Die Bodyguards von Vjosa Osmani klopfen an die Tür des Zimmers 101 – die Fürsten­suite im ersten Stock. Sie streifen durch den prächtigen Saal mit Stuck an der Decke und einem Ölgemälde von Kaiserin Sisi an der Wand. Einer von ihnen bewacht die Tür, während sich Osmani setzt und eine Tasse Kräuter­tee bestellt. Draussen brütet die Sommerhitze.

Vjosa Osmani, vor kurzem twitterten Sie einen Artikel des britischen «Guardian» von 1999. Darin erzählt ein junges Mädchen, wie es mit ihrer Familie von Kosovo nach Montenegro geflüchtet ist. Und Maiskolben von den Feldern gegessen hat, weil es sonst nichts gab. 22 Jahre später ist dieses Mädchen Präsidentin von Kosovo – und eines der jüngsten Staats­oberhäupter Europas. Wie blicken Sie auf Ihre bisherige Karriere zurück?
Es war eine herausfordernde, aber lohnende Reise. Sie spiegelt nicht nur meine Geschichte wider, sondern auch, wie Kosovo zum Staat wurde. Ich habe sehr früh begonnen, mich politisch zu engagieren, weil es nach Kriegs­ende die natürlichste Sache der Welt war – ich wollte unser Land mit aufbauen.
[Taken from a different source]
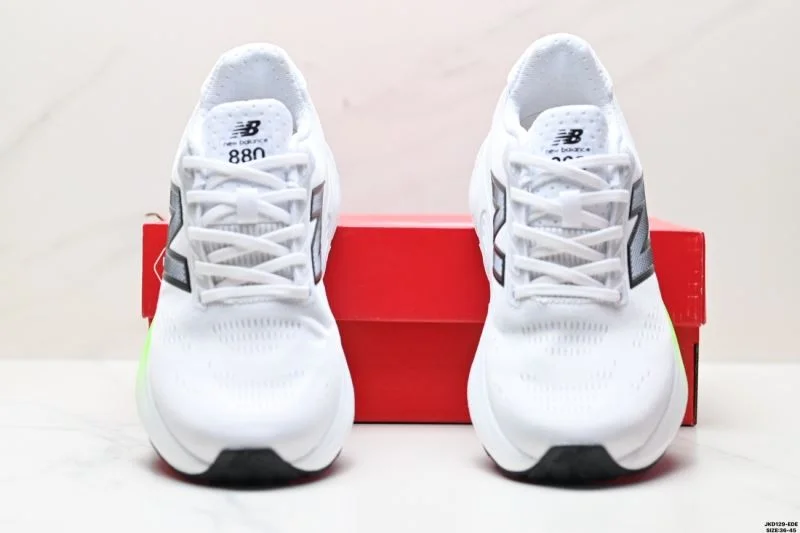 WaterResistant New Balance Shoes 3192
Ich war damals 17 und trat der Jugend­gruppe der Demokratischen Liga Kosovos (LDK) bei, in der sich auch meine Familie engagierte.
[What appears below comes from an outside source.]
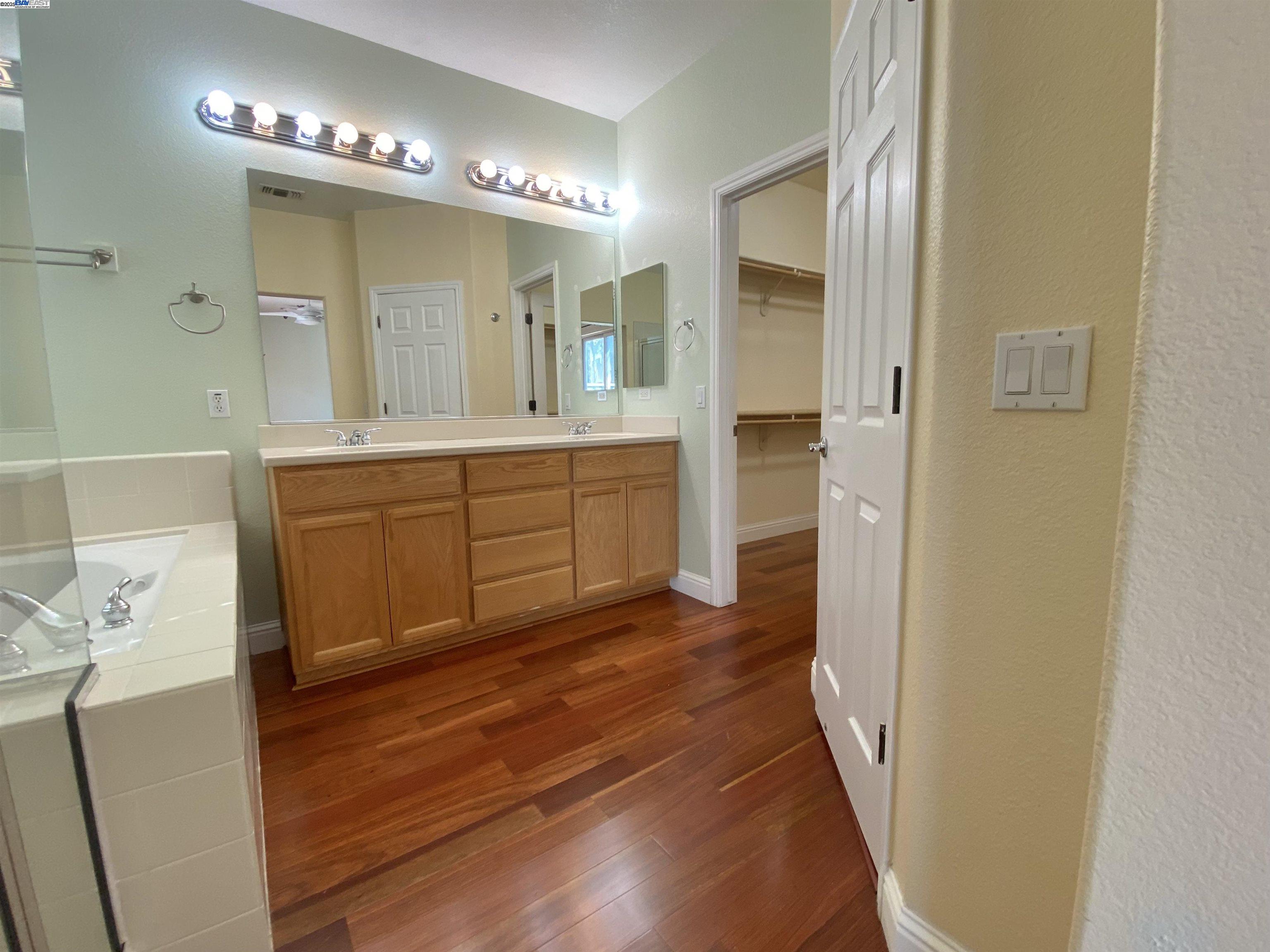 Detail Gallery Image 14 of 31 For 1896 Bankston Dr, Tracy,  CA 95304 - 4 Beds | 2 Baths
Sie studierten dann zunächst Jus und dann Völker­recht in den USA, bevor Sie sich wieder der Politik widmeten. Warum?
Mir wurde etwas klar: Bevor du politisch aktiv wirst, sieh zu, dass du ökonomisch unabhängig bist, eine Ausbildung machst und Erfahrung sammelst. Das macht dich viel stärker, wenn du später einmal einen Raum betrittst, in dem fast immer nur Männer sitzen. In einer patriarchalen Gesellschaft werden Frauen Steine in den Weg gelegt. Mir ist es wichtig, diese Steine wegzurollen, damit es unsere Töchter und deren Töchter irgendwann einmal besser haben.
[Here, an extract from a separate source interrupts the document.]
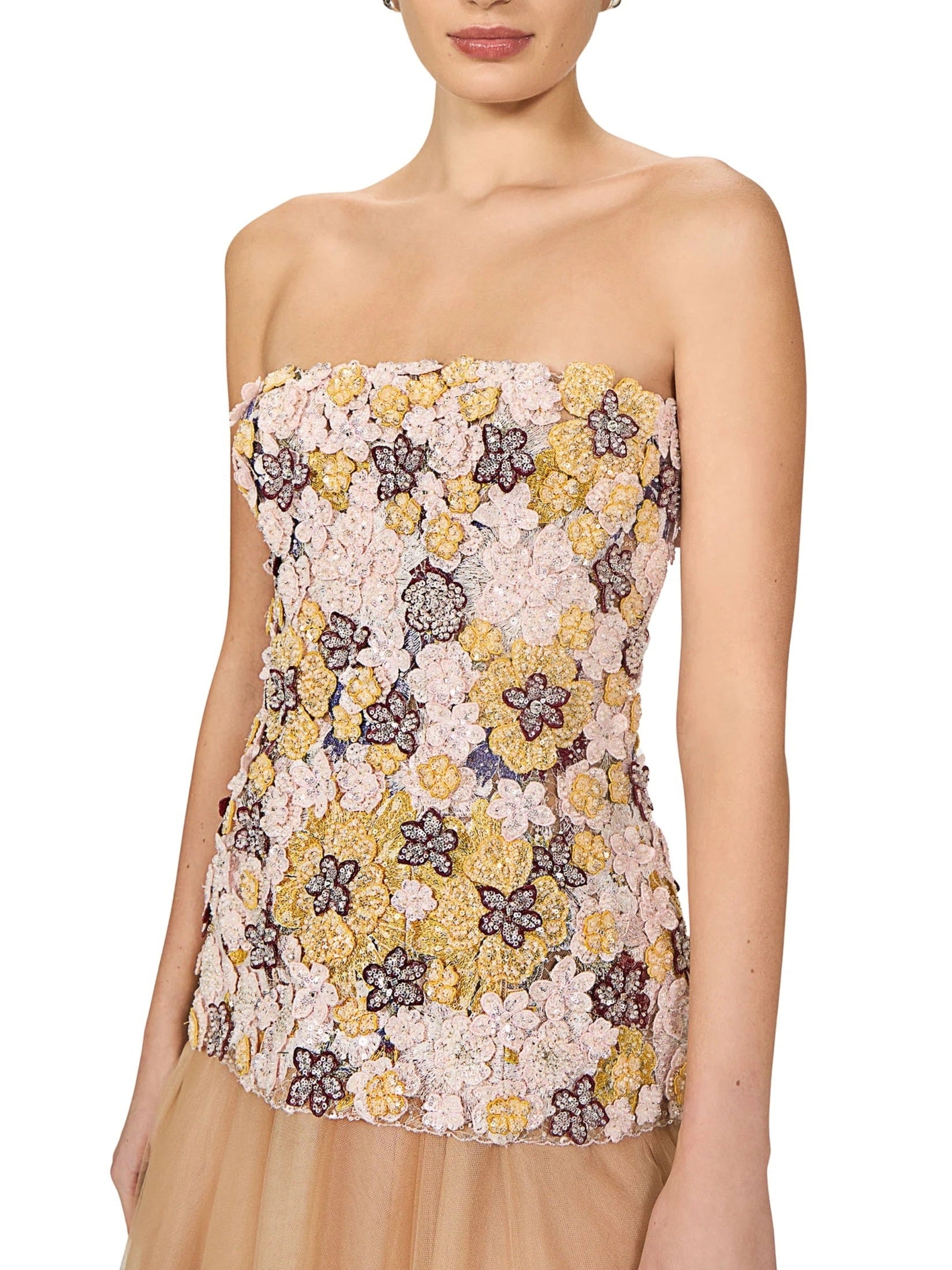 Embroidered & beaded floral lace gown w. tulle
Sie sind Mutter von zwei kleinen Mädchen. Was von dem, was Sie erlebt haben, soll Ihren Töchtern erspart bleiben?
Es beginnt im Kindheits­alter. Mädchen wird vermittelt, dass nur bestimmte Berufe gut genug für sie sind. Polizistin, Wissenschaftlerin, Astronautin oder Soldatin: Diese Berufe galten lange als unerreichbar für Frauen. Hätte ich jedes Mal, wenn mir jemand erklärt hat, dass Politik und Diplomatie nichts für Frauen ist, einen Dollar bekommen, wäre ich heute reich.

Man hat Ihnen gesagt, dass Politik nichts für Frauen ist?
Die ganze Zeit. Auch heute noch. Aber die Menschen in Kosovo haben bei der letzten Wahl gezeigt, dass sie emanzipierter sind als so manche politische Partei. Sie haben entschieden, eine Frau zur stimmen­stärksten Kandidatin in der Geschichte des Landes zu wählen. Und in weiterer Folge zur Präsidentin. Wir brauchen diese Emanzipation bereits im Kinder­garten. Kein Traum, den ein kleines Mädchen hat, sollte als zu viel oder zu unerreichbar angesehen werden. Wenn ich mich umschaue, sehe ich überall Ungleichheit. Es ist wie bei einem Marathon, bei dem die Läufer nicht an derselben Stelle lossprinten und Frauen weit zurück­liegen. Sie brauchen einen Schub, damit sie dort loslaufen können, wo Männer starten.

Sie kamen in einem Land zur Welt, das sich vor 30 Jahren aufgelöst hat: Jugoslawien. Haben Sie Erinnerungen an den sozialistischen Vielvölkerstaat?
Ich wurde 1982 geboren …

Zwei Jahre nach dem Tod des Langzeit­präsidenten Tito.
Ich habe kaum noch Erinnerungen. Alles, was ich heute weiss: Albaner wurden in Jugoslawien immer diskriminiert. Aber erst 1989, als Slobodan Milošević an die Macht kam, begann sich ein Apartheid-ähnliches System zu etablieren. Albaner wurden ihrer fundamentalen Freiheiten und Menschen­rechte beraubt.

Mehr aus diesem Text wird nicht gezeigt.